(Image-text web data)

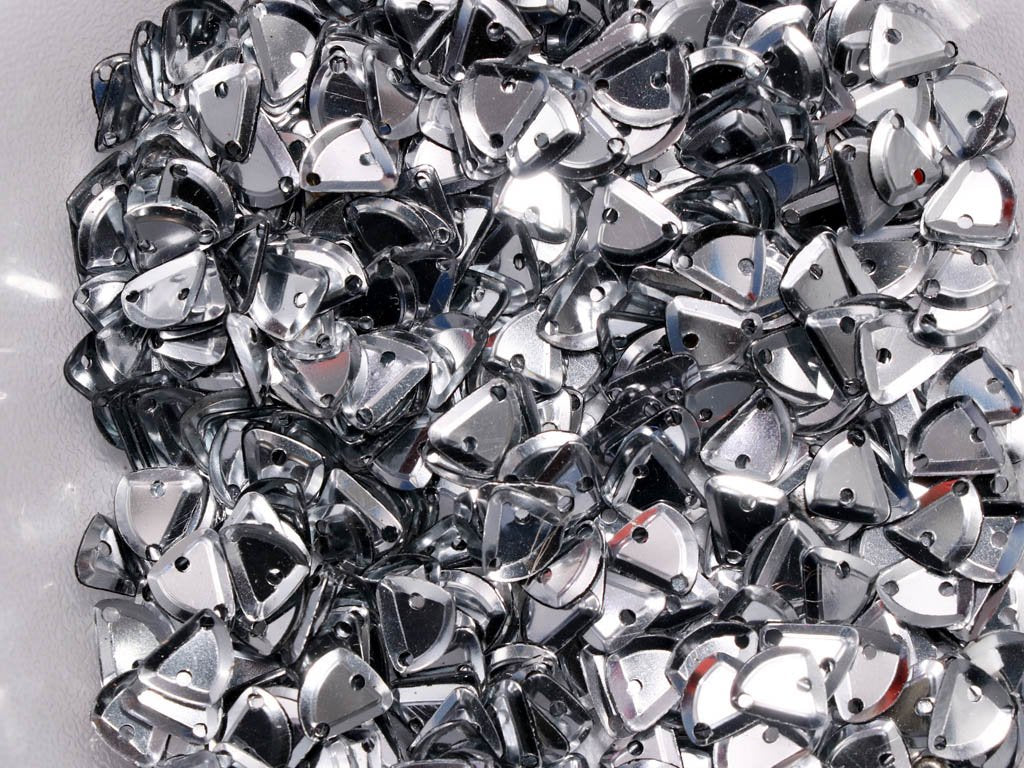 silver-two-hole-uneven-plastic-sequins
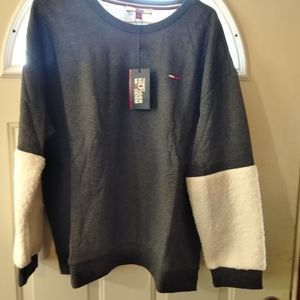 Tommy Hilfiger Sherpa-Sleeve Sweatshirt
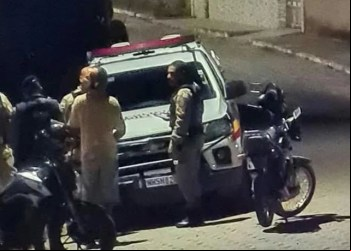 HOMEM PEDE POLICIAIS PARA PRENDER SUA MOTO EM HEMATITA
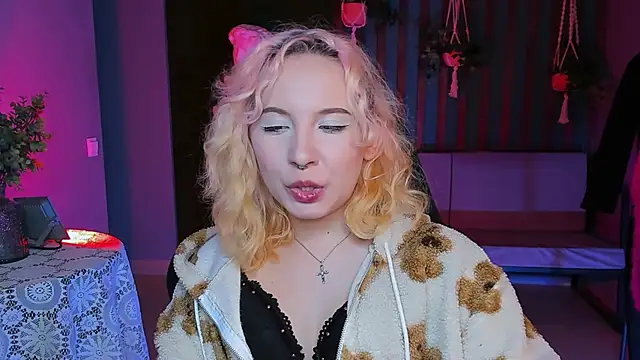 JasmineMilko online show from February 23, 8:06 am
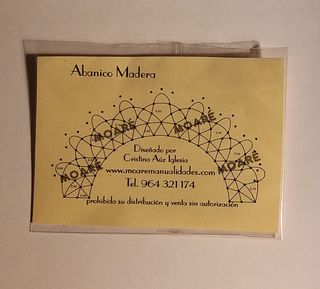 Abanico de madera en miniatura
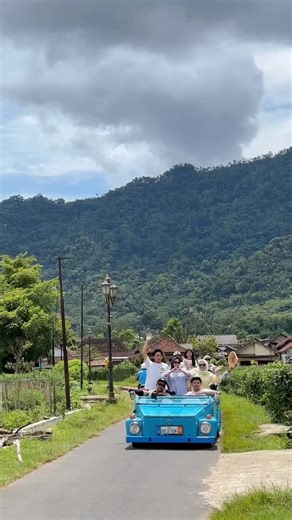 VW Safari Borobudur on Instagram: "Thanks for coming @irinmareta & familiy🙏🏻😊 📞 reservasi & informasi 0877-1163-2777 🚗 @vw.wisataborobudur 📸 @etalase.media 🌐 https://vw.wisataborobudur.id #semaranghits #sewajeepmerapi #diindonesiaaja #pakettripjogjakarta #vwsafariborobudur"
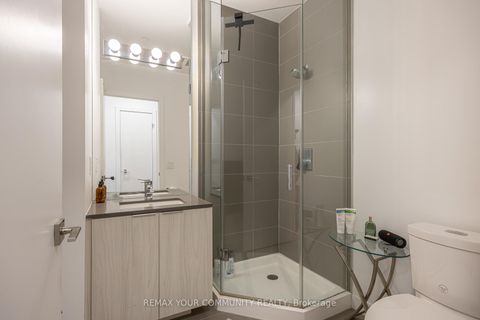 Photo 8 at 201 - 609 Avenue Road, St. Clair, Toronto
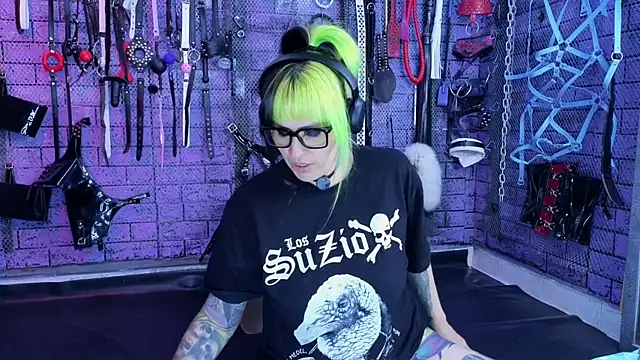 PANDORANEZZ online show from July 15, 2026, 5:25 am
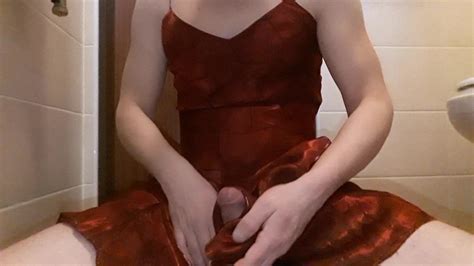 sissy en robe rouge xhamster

DESCRIPTION OF THE TASK
Copy only this from above: the line containing "JasmineMilko online show", the line containing "Abanico de madera en miniatura", and all lines between, printed exactly. Leave out the pictures.

SOLUTION
 JasmineMilko online show from February 23, 8:06 am
 Abanico de madera en miniatura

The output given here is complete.